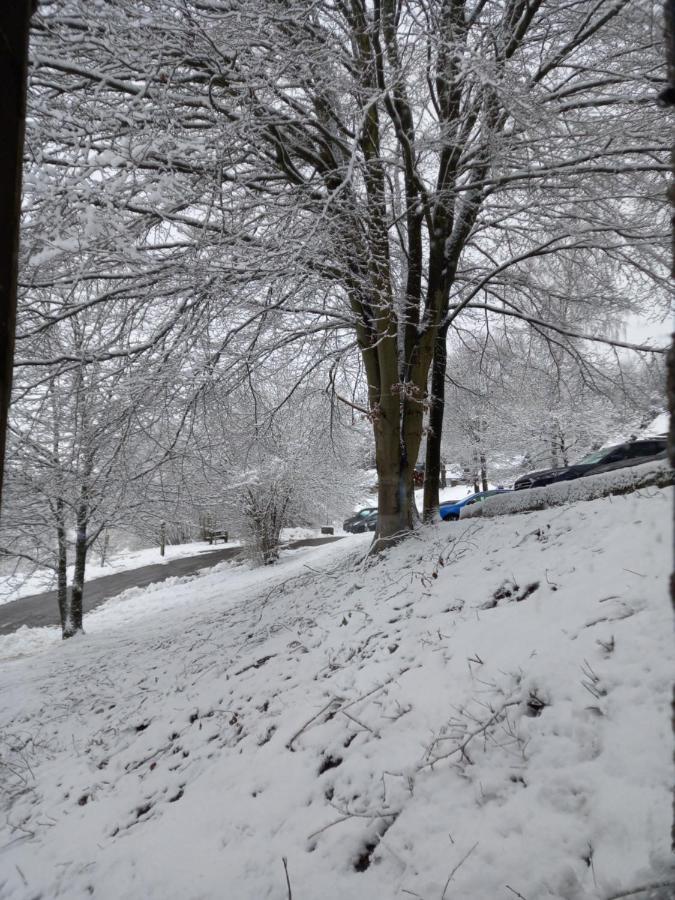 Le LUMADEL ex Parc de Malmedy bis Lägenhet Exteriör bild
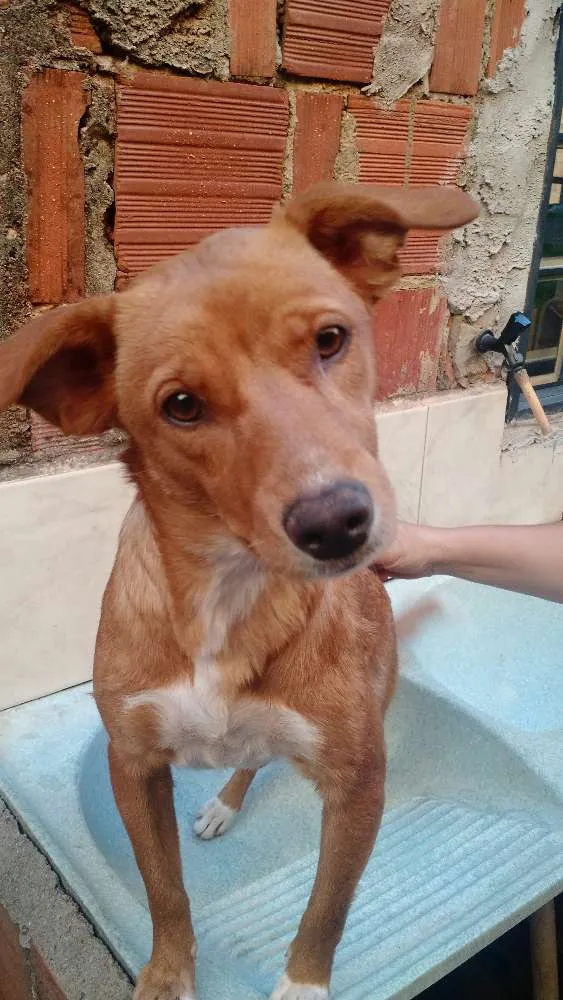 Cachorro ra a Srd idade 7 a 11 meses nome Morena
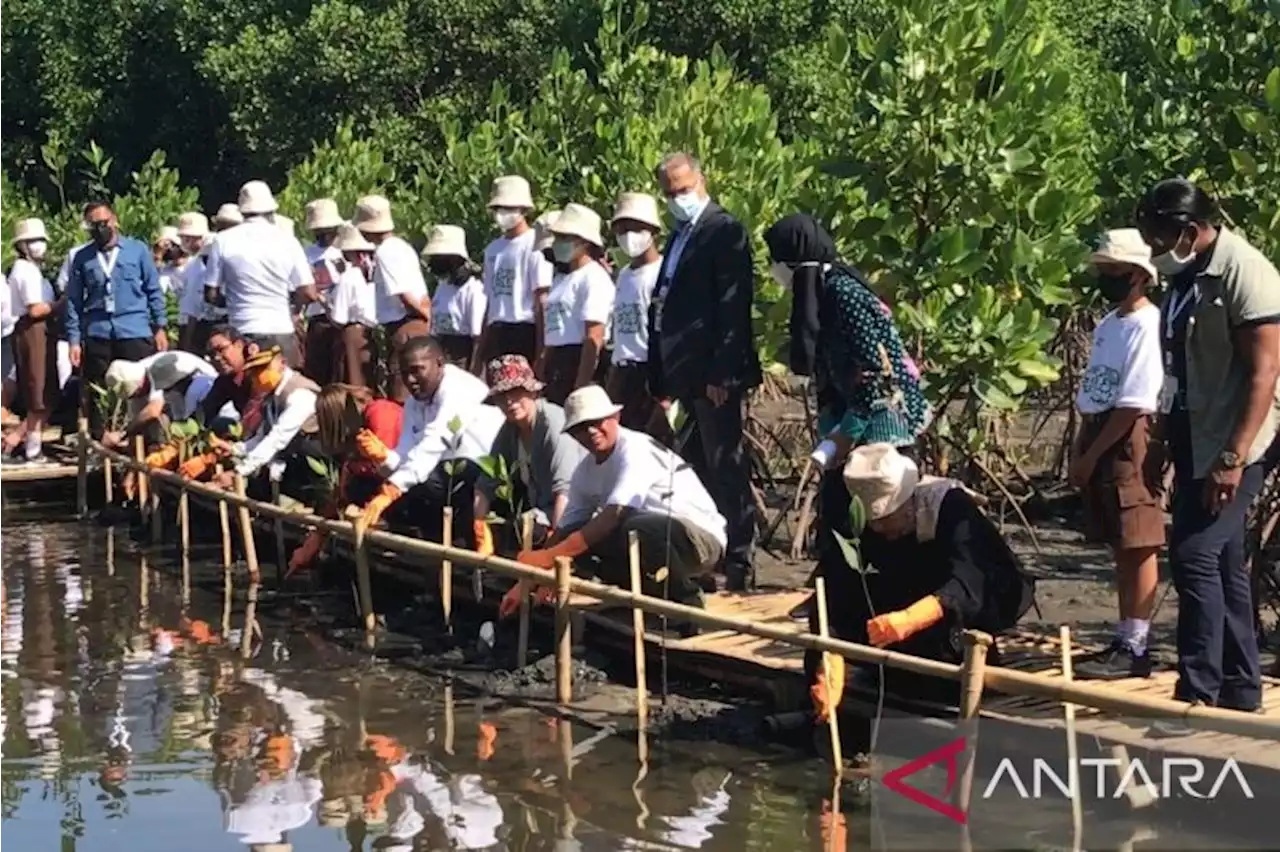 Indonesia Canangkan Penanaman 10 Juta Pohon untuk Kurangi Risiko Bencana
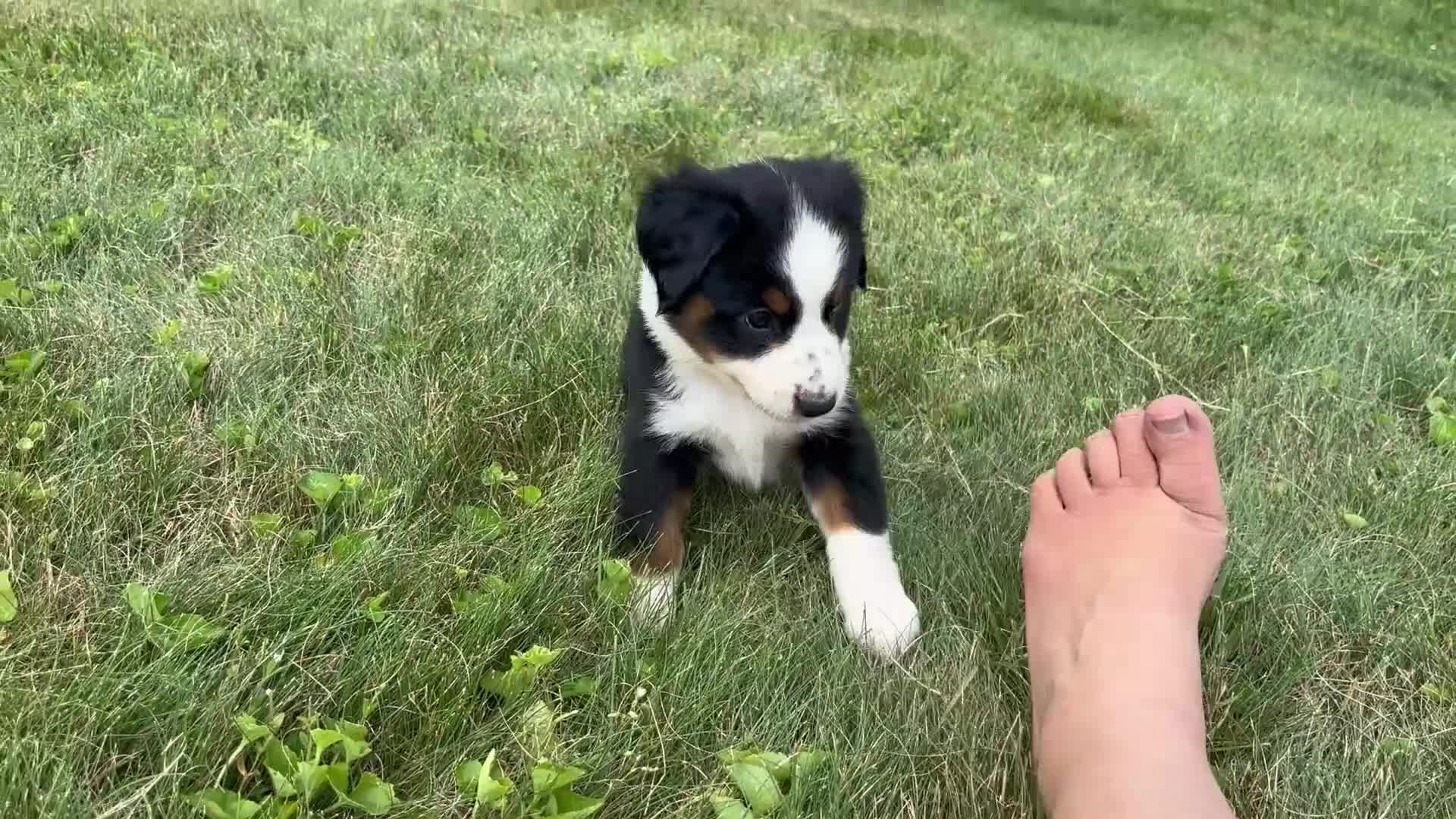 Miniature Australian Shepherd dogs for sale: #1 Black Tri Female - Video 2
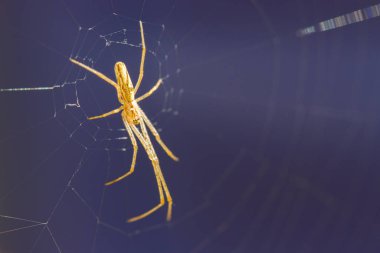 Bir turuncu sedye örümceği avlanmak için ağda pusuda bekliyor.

● ● ●

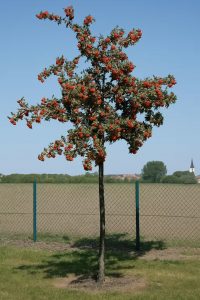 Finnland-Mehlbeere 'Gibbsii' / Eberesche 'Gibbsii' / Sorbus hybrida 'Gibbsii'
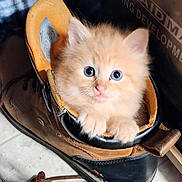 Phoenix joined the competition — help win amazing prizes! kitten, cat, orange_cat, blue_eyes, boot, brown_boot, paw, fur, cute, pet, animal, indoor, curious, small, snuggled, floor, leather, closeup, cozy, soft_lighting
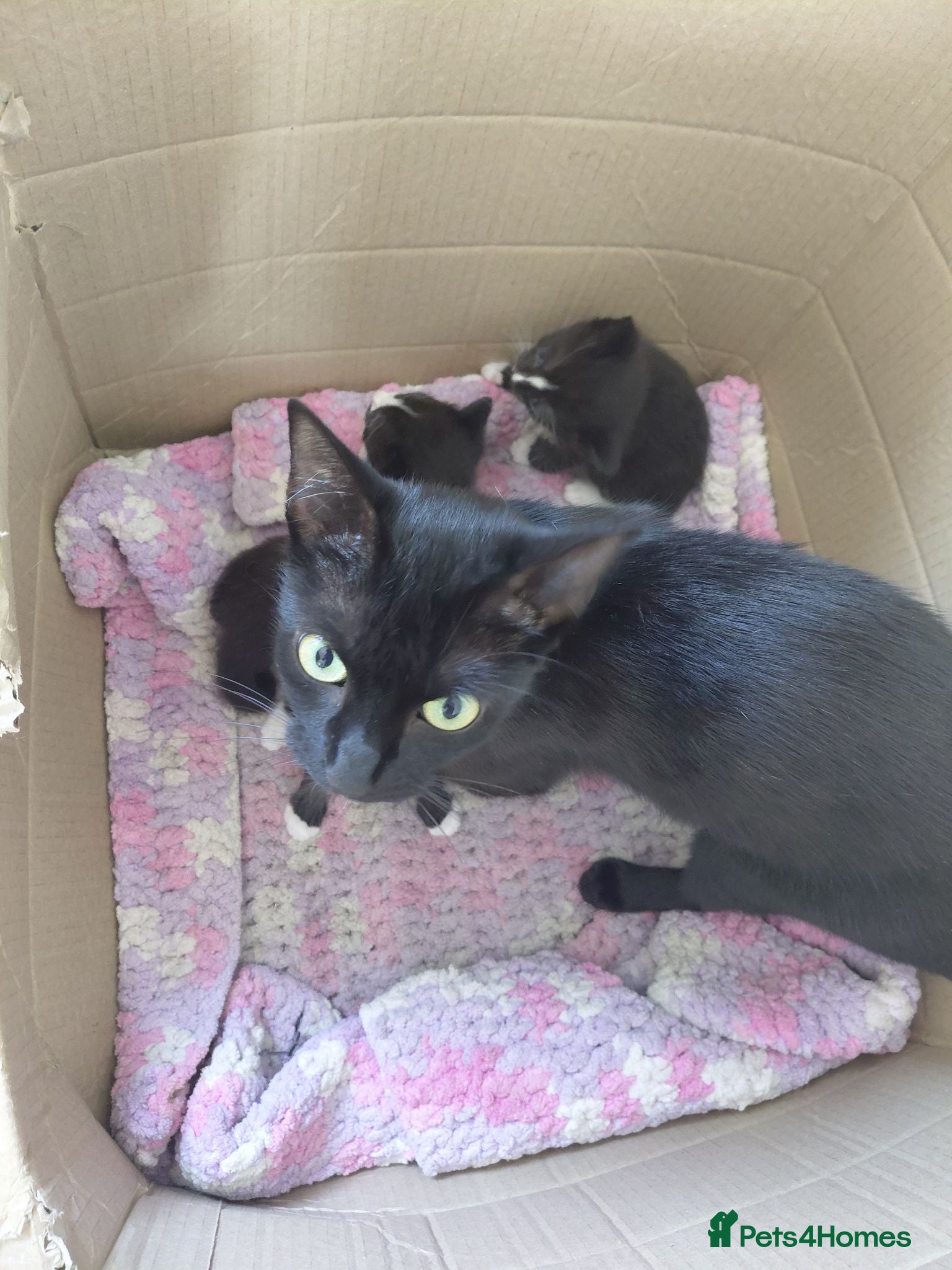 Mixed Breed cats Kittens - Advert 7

● ● ●

**What is being asked:** Your output should be the lines above from the one that contains "Le LUMADEL ex" through the one that contains "Bir turuncu sedye", word for word, with pictures left out.

**Final answer:**
 Le LUMADEL ex Parc de Malmedy bis Lägenhet Exteriör bild
 Cachorro ra a Srd idade 7 a 11 meses nome Morena
 Indonesia Canangkan Penanaman 10 Juta Pohon untuk Kurangi Risiko Bencana
 Miniature Australian Shepherd dogs for sale: #1 Black Tri Female - Video 2
 Bir turuncu sedye örümceği avlanmak için ağda pusuda bekliyor.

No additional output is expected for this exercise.